Pujadas, Juncker, et le Lavomatic
Daniel Schneidermann - - Le matinaute - 55 commentaires Télécharger la videoTélécharger la version audio
Quels investigateurs, tout de même, à France2 !
Dans la journée, patatras, ils ont déterré un sacré lièvre: figurez-vous que le Luxembourg, oui, le tout proche Luxembourg, le paisible Luxembourg, serait un paradis fiscal, et pratiquerait le secret bancaire. Non ? Si ! C'est l'envoyé spécial de la chaine, qui a dévoilé le pot aux roses. Au péril de sa vie, il est allé enquêter au pôle financier du palais de Justice de Luxembourg, et vous savez quoi ? Il ne compte que quatre juges, et les ordinateurs sont obsolètes. Non ? Si ! Et plein de banques dans la rue piétonne (l'envoyé spécial les a filmées). Non ? Si ! Et même que pour vulgariser le mécanisme de la lessiveuse d'argent sale, le reporter fait son plateau de situation dans un Lavomatic. Quels investigateurs! Quel courage! |
Ah suppôts du Grand Duc, votre compte (numéroté) est bon. Accusé Juncker, Premier ministre du Grand Duché lessiveur, venez répondre à Pujadas en duplex. Vous croyiez y échapper, mon gaillard ? Depuis le temps qu'on vous voyait, au second plan sur les photos des sommets européens, depuis le temps que vous faisiez le bouche-trou dans les émissions du matin quand il fallait parler de l'Europe, vous pensiez avoir réussi à vous fondre dans l'image. Mais c'est fini. Alors, ces banques ? Alors, ce secret ? Alors, ces Lavomatics ?
C'est bien entendu un hasard total, si Sarkozy vient de lancer, le jour même, au Parlement européen une offensive publique à mots couverts contre le Luxembourg, dans le but, expliquent les stratèges, de déstabiliser Juncker, qui compte parmi les opposants à son projet de "gouvernement économique européen" (alors que le sujet, voici encore quelques mois, selon Le Monde, semblait le laisser de marbre). Ceux qui en déduiraient hâtivement que la télévision publique française se fait le relais-express de la tactique sarkozyenne n'auraient rien compris à la liberté-de-la-presse-absolue-qui-règne-en-France, et aux âpres grandeurs du journalisme d'investigation.
Mise à jour, 22 octobre, 20 heures
Arlette Chabot a envoyé au premier ministre luxembourgois Jean-Claude Juncker une lettre pour s'excuser du reportage diffusé sur sa chaîne.

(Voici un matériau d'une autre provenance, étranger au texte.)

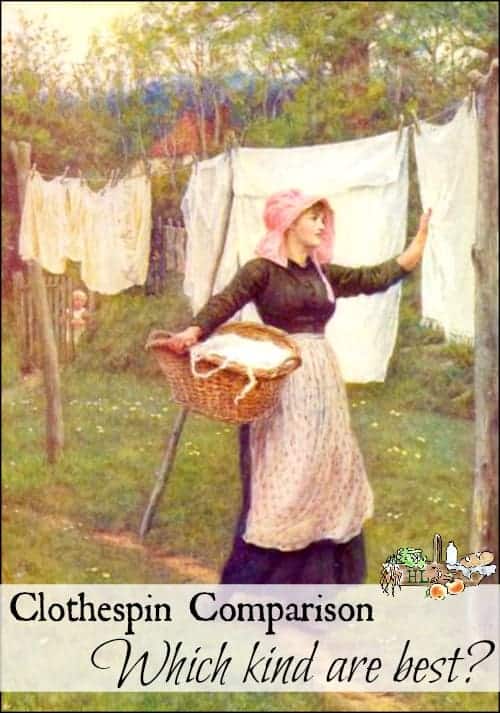 artwork woman hanging laundry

En duplex sur le plateau de David Pujadas, Jean-Claude Juncker avait jugé ce reportage "strictement ridicule" et "superficiel". D'après l'AFP, Arlette Chabot a présenté "ses excuses" au premier ministre dans une lettre, et lui a demandé "de ne pas considérer ce reportage comme une nouvelle manifestation de « l'arrogance franco-française » mais plutôt comme une insuffisance professionnelle."
La directrice de l'information a ensuite relativisé la portée de son geste auprès de l'AFP, expliquant qu'il s'agissait de "calmer le jeu", en envoyant "une petite lettre", "comme on fait souvent dans ces cas-là".